> Work to complete
Retype the data exactly, skipping any picture in it.

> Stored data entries
◇ ◇ ◇ ◇ ◇
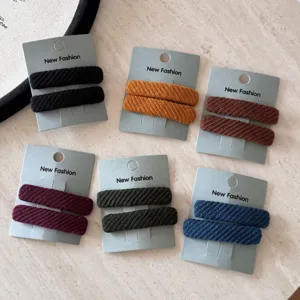 Dettaglio ravvicinato di fermagli BB rettangolari in tessuto twill in vari colori vivaci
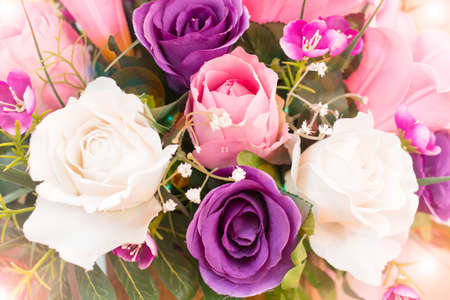Valentines Day background with pink rose, white rose, purple rose and bokeh lights.の写真素材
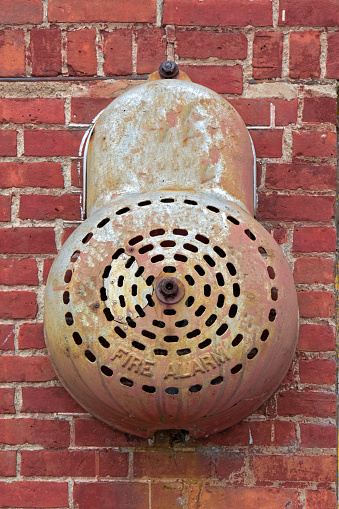 Old Vintage Fire Alarm Bell on Brick Wall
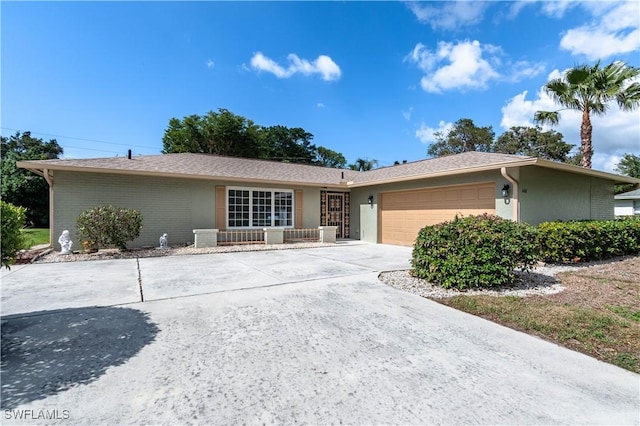 single story home featuring a garage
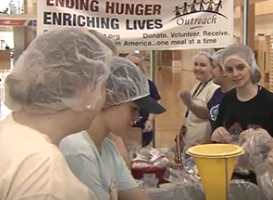 Honors students shown preparing for the Maine Day Meal Packout in 2019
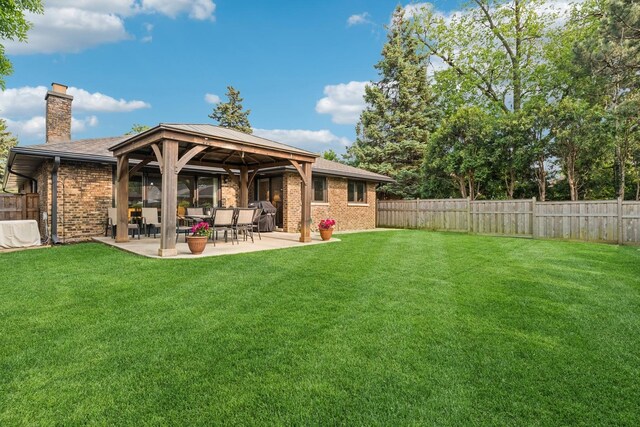 512 N Rose Ave, Park Ridge, IL 60068 - rear view of property featuring a chimney, brick siding, a patio area, and a gazebo
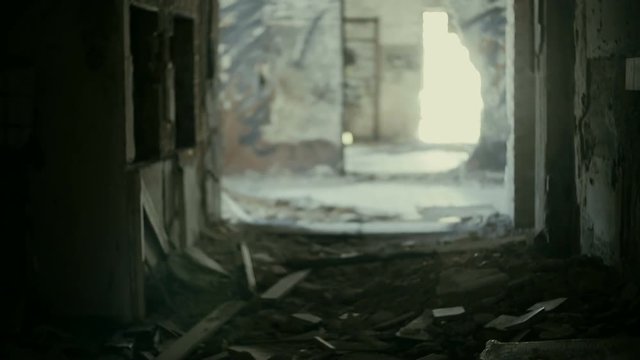 Gimbal steadicam pov shot of someone exploring the corridors and rooms of a huge demolished abandoned building.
◇ ◇ ◇ ◇ ◇
> Your solution
 Dettaglio ravvicinato di fermagli BB rettangolari in tessuto twill in vari colori vivaci
Valentines Day background with pink rose, white rose, purple rose and bokeh lights.の写真素材
 Old Vintage Fire Alarm Bell on Brick Wall
 single story home featuring a garage
 Honors students shown preparing for the Maine Day Meal Packout in 2019
 512 N Rose Ave, Park Ridge, IL 60068 - rear view of property featuring a chimney, brick siding, a patio area, and a gazebo
 Gimbal steadicam pov shot of someone exploring the corridors and rooms of a huge demolished abandoned building.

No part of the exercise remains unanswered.